MOYENS ET PRÉTENTIONS

Dans ses dernières écritures en date du 19 février 2020, auxquelles il convient de se référer pour un plus ample exposé des moyens et prétentions, la société ADBM demande à la cour de :

Vu l'article 1240 du Code civil

Vu les articles L. 112-1 à L. 112-4, L. 121-19, L. 122-1, et L. 221-5 du Code de la consommation

Vu l'article 30 alinéa 1er du cahier des charges type de concession annexé au décret n° 2007-244 du 23 février 2007 relatif aux aérodromes appartenant à l'Etat et portant approbation du cahier des charges type applicable à la concession de ces aérodromes

Vu l'article 38 de l'arrêté n 2012325-0007 du 20 novembre 2012 relatif aux mesures de police applicables sur l'aéroport de Bordeaux- Mérignac

Constater la mise en place par les sociétés intimées d'un service de voiturier aux abords de l'aérogare de Bordeaux sans autorisation préalable d'ADBM ;

Dire et juger que les sociétés intimées ont usé de pratiques commerciales déloyales fautives pour capter la clientèle d'ADBM en mettant en place un service de voiturier sur l'emprise de l'aéroport sans autorisation préalable d'ADBM, en utilisant de manière déloyale la dénomination de la société ADBM, et en exploitant une publicité mensongère et trompeuse ;

Dire et juger que le préjudice matériel de perte de chance subi par ADBM résulte des pratiques commerciales déloyales fautives des sociétés intimées ;

Déclarer mal fondé l'appel incident formé par les sociétés intimées à l'encontre du jugement du tribunal de commerce de Bordeaux du 15 janvier 2018 ;

En conséquence :

Réformer la décision du tribunal de commerce de Bordeaux du 15 janvier 2018 en ce qu'elle a débouté la société ADBM de sa demande relative à la cessation sous astreinte du service de voiturier non autorisé mis en place par les sociétés intimées sur l'emprise de l'aéroport ;

Enjoindre aux sociétés intimées de cesser sans délai le service de voiturier non autorisé par

ADBM ;

Réformer la décision du Tribunal de commerce de Bordeaux du 15 janvier 2018 en ce qu'elle a débouté la société ADBM de sa demande au titre du préjudice subi ;

Condamner, à titre principal, solidairement les sociétés intimées à payer à la société ADBM la somme de 1 117 800 euros en réparation de la perte de chance subie par cette dernière de contracter avec des utilisateurs de parking entre 2014 et 2015 résultant de leurs pratiques commerciales déloyales, calculée sur la base d'une perte de chiffre d'affaires estimée à 1 863 000 euros, et qui s'est aggravée depuis cette date compte tenu du non-respect de la décision de première instance par les sociétés intimées ;

Condamner, à titre subsidiaire, solidairement les sociétés intimées à payer à la société ADBM la somme de 649 224,60 euros en réparation de la perte de chance subie par cette dernière de contracter avec des utilisateurs de parking entre 2014 et 2015 résultant de leurs pratiques commerciales déloyales, calculée sur la base d'une perte de marge estimée à 1 082 041 euros, et qui s'est aggravée depuis cette date compte tenu du non-respect de la décision de première instance par les sociétés intimées ;

Débouter les sociétés intimées de leur appel incident ;

Confirmer le jugement du tribunal de commerce de Bordeaux du 15 janvier 2018 sur le surplus.

En toute hypothèse :

Condamner solidairement les sociétés intimées à payer à la société ADBM la somme de 12 000 euros au titre de l'article 700 du Code de procédure civile, ainsi qu'aux entiers dépens de l'instance.

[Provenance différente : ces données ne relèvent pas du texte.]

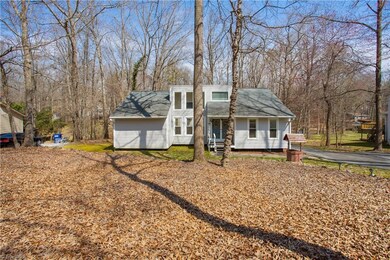 2408 Burnette Dr, Greensboro, NC 27406 - photo 2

Elle fait valoir que la société P&T l'a concurrencée de manière déloyale ce qui constitue une faute en mettant en place un service de voiturier dans l'enceinte de l'aéroport sans autorisation, en utilisant de manière déloyale sa dénomination aéroport de Bordeaux Mérignac et en exploitant une publicité mensongère et trompeuse. Elle soutient que ces fautes lui ont causé un préjudice, qu'elle n'a pas été en mesure initialement de chiffrer à raison de la carence de son adversaire dans la publication de ses comptes. Elle précise que son préjudice se caractérise par une absence de corrélation entre l'augmentation du trafic aérien et l'évolution de la fréquentation de ses parkings et que si l'intégralité du manque à gagner ne peut être imputé à son adversaire elle justifie d'une perte de chance. Elle invoque un rapport d'expertise qu'elle a fait établir pour étayer son argumentation.

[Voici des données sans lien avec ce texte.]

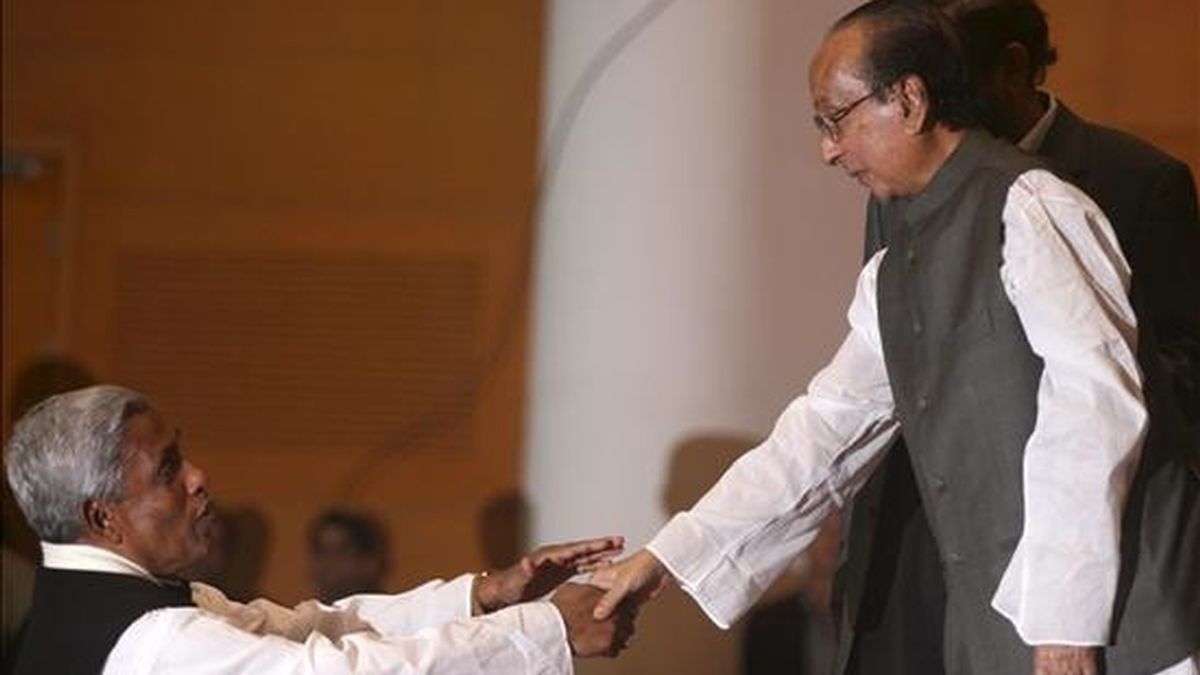 Foto del 31 de diciembre de 2008 que muestra a Zillur Rahman (d), un político de 79 años y líder de la Liga Awami de Bangladesh, saludando a un hombre no identificado. EFE/Archivo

Dans leurs dernières écritures en date du 18 février 2020, auxquelles il convient de se référer pour un plus ample exposé des moyens et prétentions, les intimées demandent à la cour de :

Déclarer mal fondé l'appel interjeté par ADBM à l'encontre du jugement du tribunal de commerce de Bordeaux du 18 janvier 2018 ; débouter ADBM de son appel,

Déclarer recevable et bien fondé l'appel incident formé par Park and Trip à l'encontre du jugement du tribunal commerce de Bordeaux du 18 janvier 2018 et réformer partiellement le jugement de première instance,

Vu les articles 1240 et suivants du Code civil (article 1382 antérieurement à l'ordonnance du 10 février 2016),

Vu les articles 6, 9 et 16 du Code de procédure civile,

Vu l'article 6 de la convention européenne de sauvegarde des droits d'homme et des libertés fondamentales,

Vu le décret n° 2007-244 du 25 février 2007.

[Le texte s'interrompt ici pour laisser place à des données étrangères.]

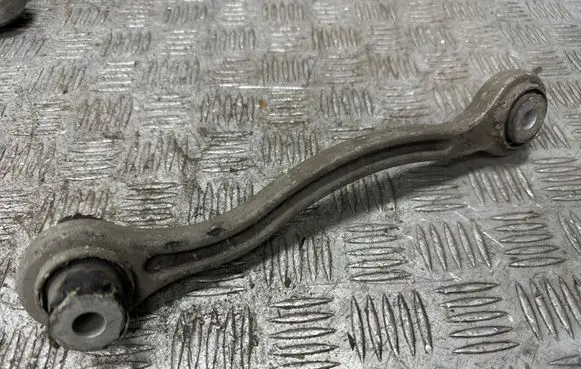 Mercedes-Benz C W204 Rear upper control arm/wishbone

Confirmer le jugement de première instance en ce qu'il a débouté ADBM de sa demande relative à la cessation sous astreinte du service voiturier de Park & Trip,

Confirmer le jugement de première instance en ce qu'il a débouté ADBM de ses demandes indemnitaires ;

Déclarer recevable et bien fondé l'appel incident des sociétés Park and Trip et Park My Car

Group et en conséquence,

Infirmer le jugement de première instance en ce qu'il a enjoint Park & Trip à cesser tout utilisation ou exploitation des expressions suivantes " parking aéroport BORDEAUX ", " parking d'aéroport ", " parking aéroport " ou de toute autre expression entretenant la confusion du consommateur sur le rattachement de l'activité à celle de l'aéroport de Bordeaux Mérignac et ceci sur les supports visibles par le consommateur ;

Infirmer le jugement de première instance en ce qu'il a enjoint Park & Trip à cesser de se prévaloir de la " gratuité " de son service de transport à l'aéroport ;

Condamner la société ADBM à payer aux sociétés Park and Trip et Park My Car Group, la somme de 12 000 euros en application de l'article 700 du Code de procédure civile, ainsi qu'aux entiers dépens de l'instance.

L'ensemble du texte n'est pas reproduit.